My first exposure to Vonnegut wasn’t through Slaughterhouse 5 as it is for many – but rather Breakfast of Champions, in junior high. For a thirteen-year-old, it’s pretty much life changing. Like figuring out when the protag in London’s “To Build a Fire” doesn’t actually, that there is such a thing as irony and unhappy endings in art and life. It causes a moment of cultural clarity; an existential displacement wherein, suddenly, things lumped into “pastime” and “entertainment” can actually hold lessons for life looming in the shadows of all that positive affirmation.
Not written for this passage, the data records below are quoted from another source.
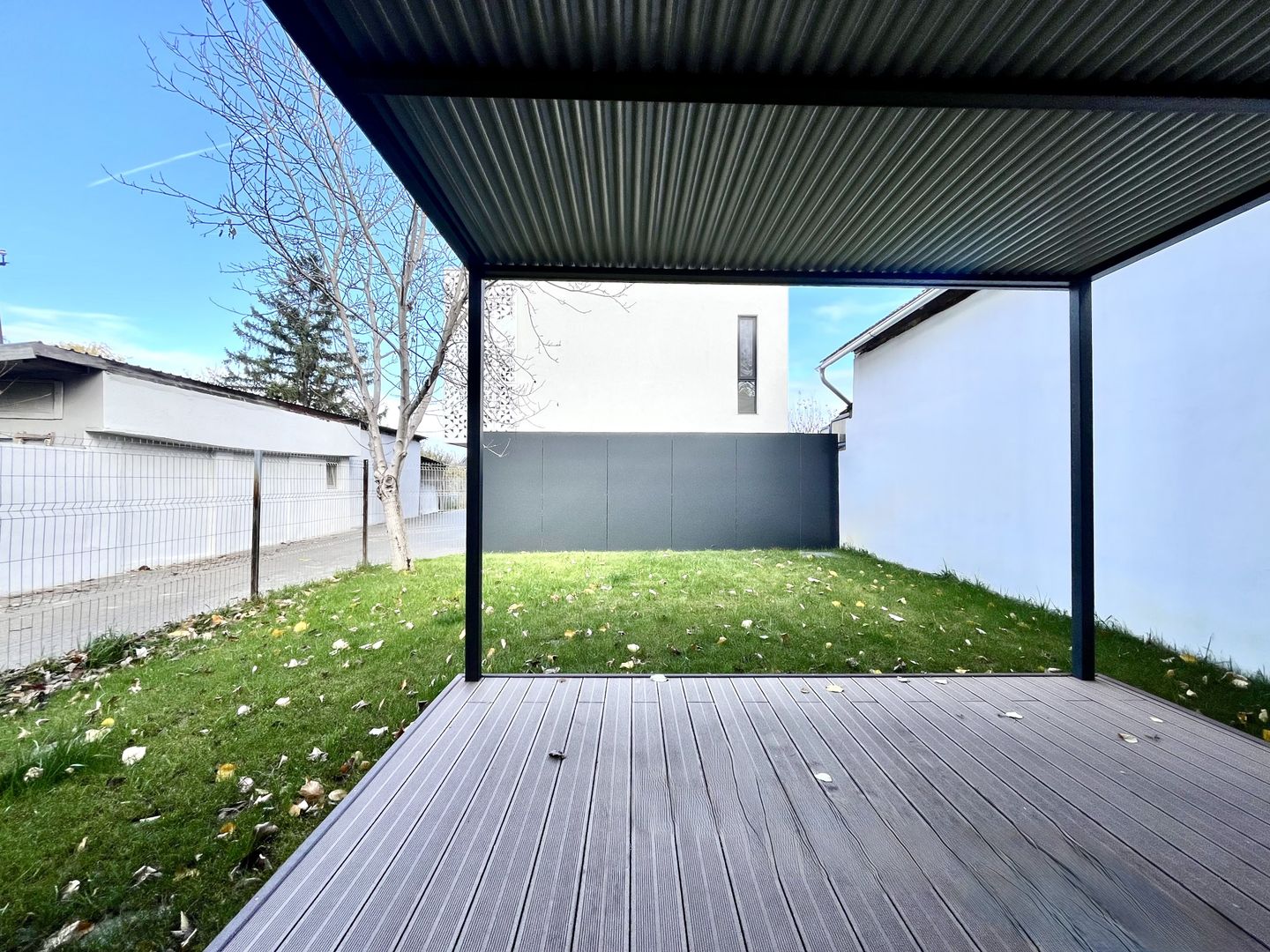 Casa individuala - 149 mp util - terasa rooftop cu jacuzzi de 32 mp - Poză 20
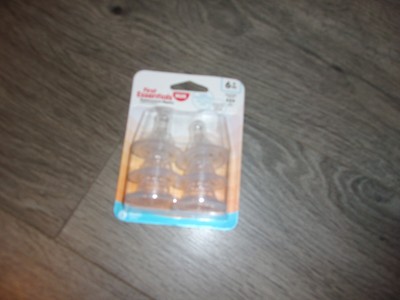Nuk first essentials replacement nipples 6m+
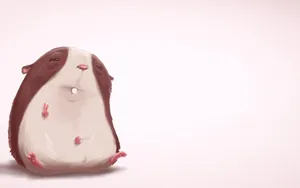 Hamster Peace Sign Meme Wallpaper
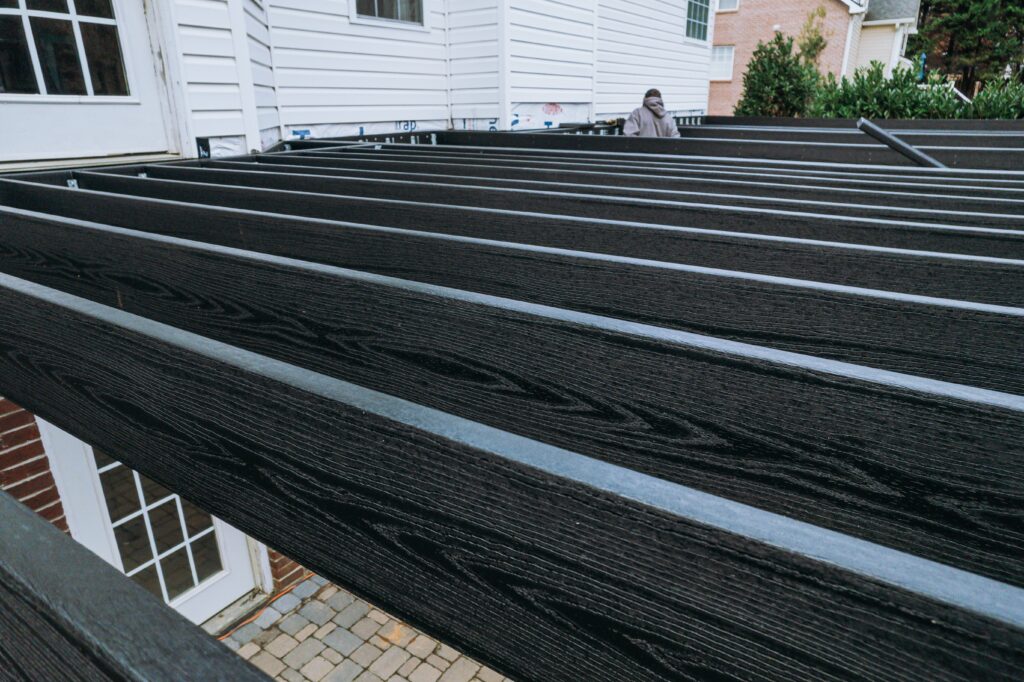 Owens Corning structural lumber decking boards for outdoor construction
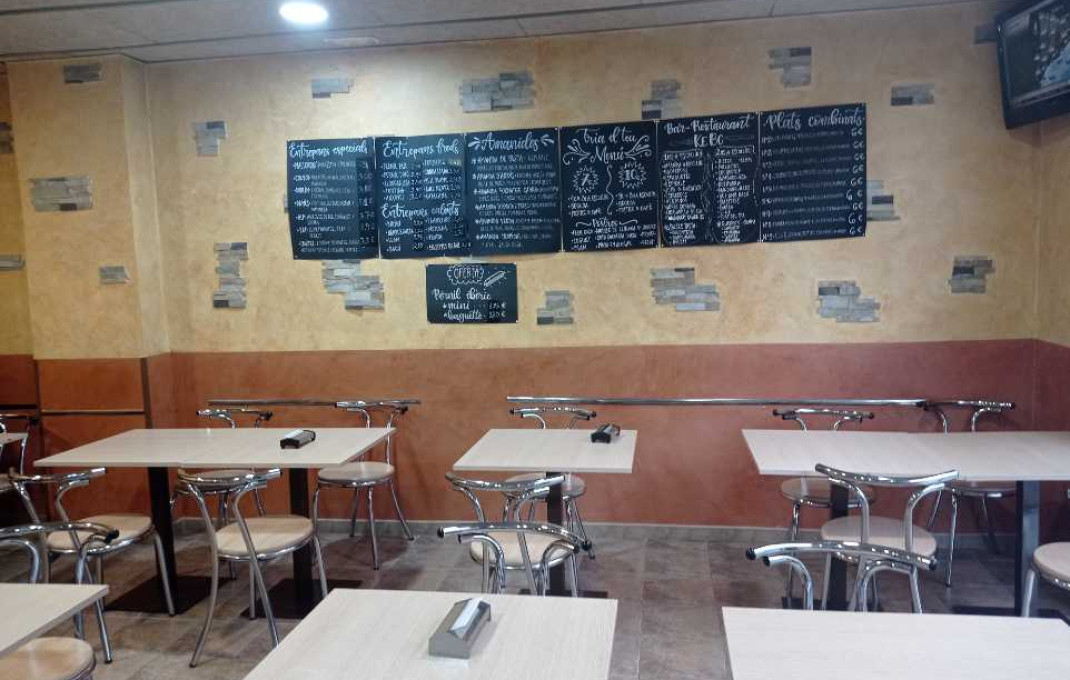 Revente - Restaurant -
Granollers - Centre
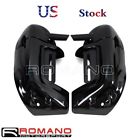 Tf-001-bk Romano-cycle Motorcycle Lower Vented 699960654226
A lot of people point at movies and say that they don’t want to go see something they see everyday on the news – that they go to movies to “escape”. But in saying that, as in so many similar statements, I have a lot of doubts that these people watch the news at all.

But Breakfast of Champions, yeah, and from there it was Cat’s Cradle and the end of the world – and then Slaughterhouse 5 and the Americans (!) raining liquid fire on a civilian population that included Vonnegut and a few other POWs from the Battle of the Bulge – and of course aliens and time travel because what other explanation, or surcease, could there be from that kind of madness? I learned a lot about writing from Vonnegut – not that I write like, or as well, or with as much wit and insight – but what I did learn was that it was all right to be angry with the status quo and with the happy acceptance of it, even when all evidence seems to point to Abyss. I’m not up to writing a proper eulogy of someone like Vonnegut – but the irony is that Vonnegut makes me want to do it anyway.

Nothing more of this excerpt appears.